We Were the Lucky Ones
A Novel
What's it about
Could you survive if your family was scattered across the globe by war, with no way to know if they were alive or dead? Discover the incredible true story of one Jewish family's fight for survival and their desperate, years-long quest to find each other again. You'll follow the Kurc siblings as they endure the horrors of the Holocaust, from the ghettos of Poland to the labor camps of Siberia and even the shores of Brazil. Experience their harrowing journeys and witness the unbelievable resilience of the human spirit in the face of impossible odds.
Meet the author
Georgia Hunter is the New York Times bestselling author of We Were the Lucky Ones, a novel inspired by her grandfather’s astonishing story of survival during the Holocaust. It was her discovery of this family history at age fifteen that launched a decade-long journey of research and travel to unearth the incredible, harrowing, and ultimately uplifting story of her relatives. Her dedication to honoring her family’s legacy provides the powerful, authentic heart of her celebrated debut, which is now a Hulu Original series.

The Script
At the start of a long holiday weekend, a family matriarch gathers her children and their spouses for a Passover Seder. They are young, ambitious, and blissfully unaware that this meal will be the last time they are all together. Outside their door, the world is holding its breath. The year is 1939, and the city is Radom, Poland. Soon, this family will be scattered across continents by the winds of war, their bonds stretched to a breaking point over thousands of miles of hostile territory. Each will face an impossible journey alone, armed only with the memory of a life that no longer exists and a desperate, perhaps foolish, hope of seeing their loved ones again. Their story is one of quiet, stubborn survival in the face of overwhelming odds—a testament to the question of whether a family, once atomized, can ever truly find its way back to being whole.

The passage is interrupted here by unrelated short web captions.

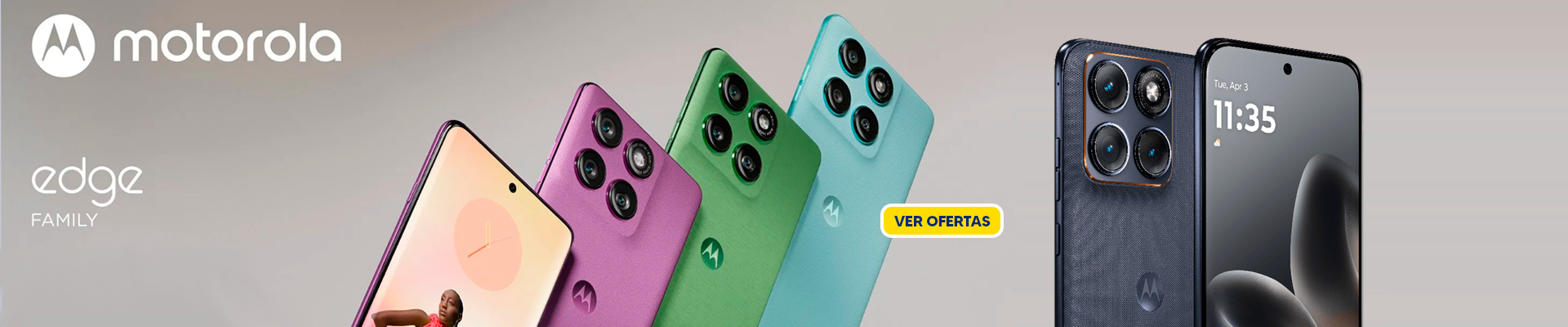 ¡Llegó Motorola Edge sorprendente, con súper Descuentos!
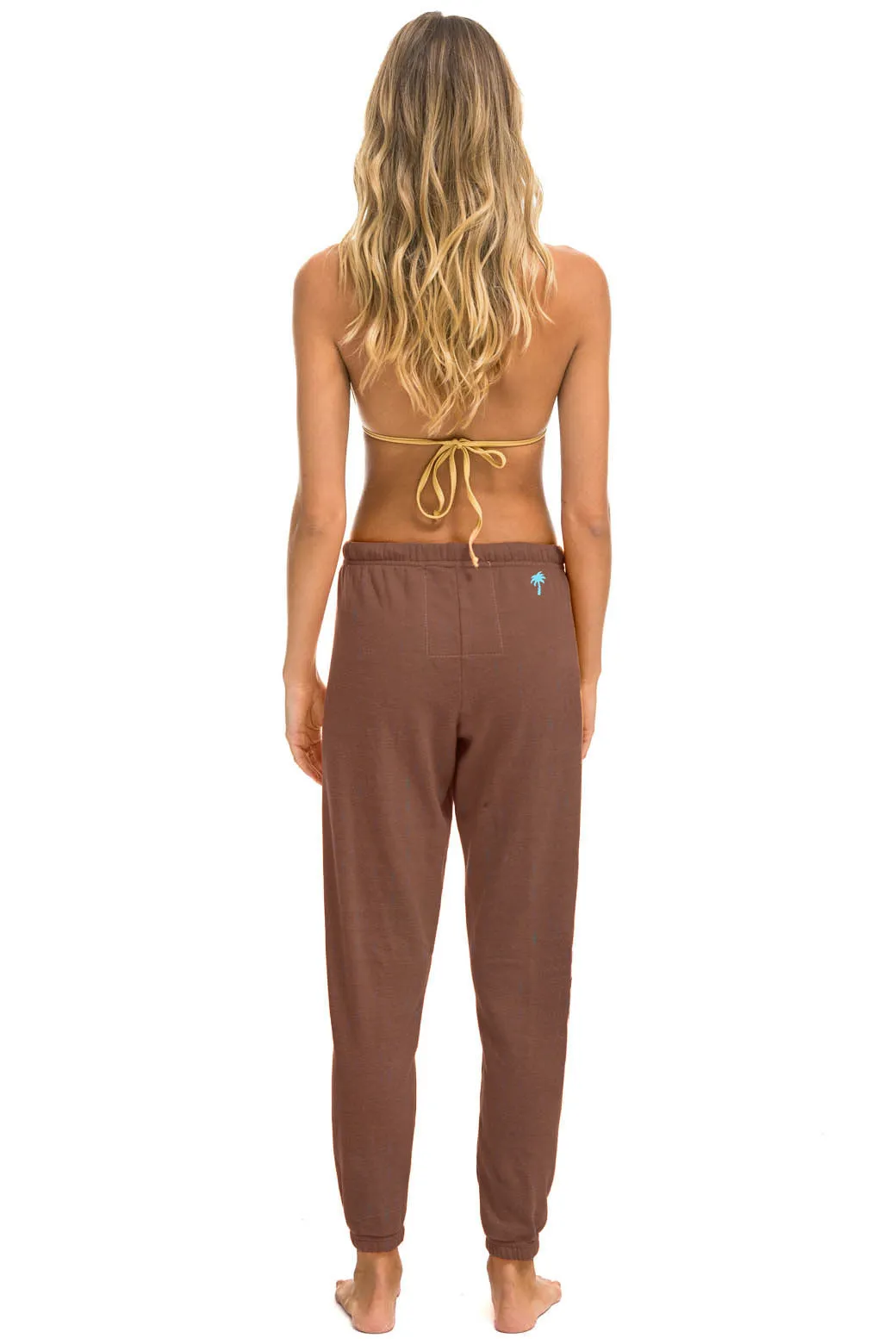 PALM TREE FESTIVAL ASPEN 2025 UNISEX SWEATPANTS - BROWN sold by Aviator Nation product image thumbnail 3
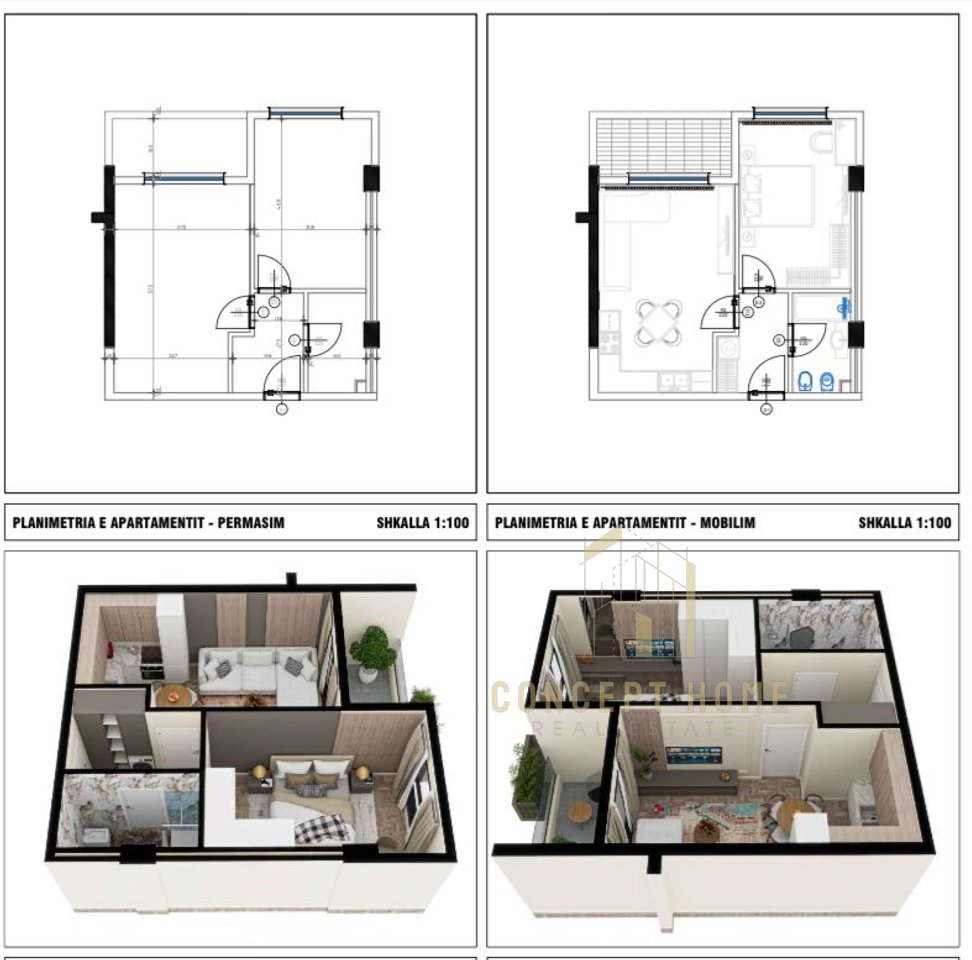 1+1 Apartment for Sale in Golem, Durrës - €76,560 | 69.6 m²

This exact question haunted Georgia Hunter for years. Growing up, she knew vaguely of her grandfather's Jewish heritage and his escape from Europe during the war, but the details were a closed book. It wasn't until after her grandfather's death, at a family reunion, that she discovered the full, staggering truth: he was not the only survivor. He was one of five siblings, all of whom had survived the Holocaust against all odds, their individual stories of endurance and escape scattered like lost puzzle pieces. Hunter, a freelance writer, felt an immediate, compelling need to put the pieces together. She embarked on a decade-long journey of research, traveling the globe and interviewing family members to reconstruct the history that had been buried by time and trauma, transforming a personal quest for answers into a powerful narrative for the world.
Module 1: The Illusion of Normalcy and the Creeping Threat
The story begins with a slow, creeping dread. It's 1938, and the Kurc family is scattered but connected. Some are in Radom, Poland, a city that feels like the center of their universe. Others are abroad, like Addy, an engineer and aspiring composer living in Paris.
The first major insight here is that distance creates a dangerous illusion of safety. Addy hears news from Germany and Poland. He sees swastika graffiti. His bosses whisper about him being a liability. But he rationalizes it all. These are distant problems, isolated incidents. They won't touch his life in cosmopolitan France. His mind defaults to memories of home—family dinners, laughter, music. These memories act as a psychological buffer, making the escalating danger feel abstract and unreal. This is a cognitive trap many of us fall into. We see alarming data points, but if they don't directly impact our daily lives, we mentally file them away as someone else's problem.
This denial shatters with a single, personal trigger. The author shows how emotional connection is a more powerful catalyst for action than impersonal data. Addy receives a letter from his mother, Nechuma. Her tone is different. It's filled with a fear he has never heard from her before. She tells him not to come home for Passover. For a family that cherishes tradition, this is a seismic shift. The abstract threat of Nazism suddenly has a face: his mother's fear. The news of family friends losing their businesses is no longer a statistic; it’s a personal blow. The letter makes the crisis real. It forces him to act.
So what does he do? This leads to a powerful lesson on priorities. In times of crisis, familial duty often overrides individual ambition. Addy had built a life for himself in Paris. He had a career, a social life, and dreams of moving to America to pursue music. Returning to Poland meant giving all that up. But his decision is instant and absolute. He quits his job and arranges to go home immediately. The pull of family, the need for solidarity, becomes the only thing that matters. This is a story about the fundamental human instinct to protect one's own, even at great personal cost.